# The Different Approach to A Parser – Parser Combinators

Some time ago I’ve looked into building parser for simple logical language used by imap_detach Tool. I used there parsimonious module which uses PEG grammars. Recently I learned about another parsing technique – Parser Combinators. The idea comes from functional programming and is about combining (with help of higher order functions – so called combinators) simple parsing functions, which parse primitive tokens, into more complex parsing functions, which parse parts of text and further combine those into more complex ones, ending finally with one function, which parses all given data. I first met with parser combinators in Rust library nom.
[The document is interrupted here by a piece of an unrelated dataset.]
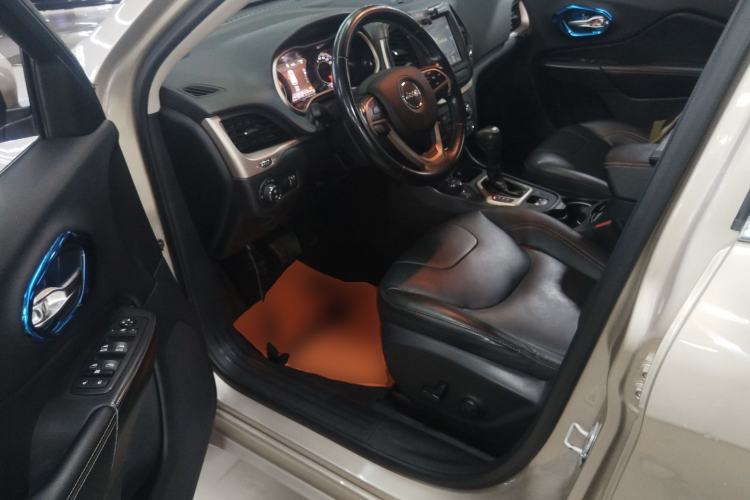 Used Jeep Cherokee 2017 2.4L Professional Smart Edition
Here parsers and  combinators are express as macros, which is convenient on one side (concise syntax), but can lead to pretty cryptic error messages and one cannot rely much on editor’s help with auto-completions, context help etc..  I used nom to build very simple URI parser.  I was wondering also if parser combinators are available for Python and how they would compare with other approaches – like above mentioned PEG grammars.

Looking around I found parsec – Python parser combinators library inspired by well know Haskell library.  Parsec is a small library with as much of functional style one can get out of Python.  You can check example for JSON parser.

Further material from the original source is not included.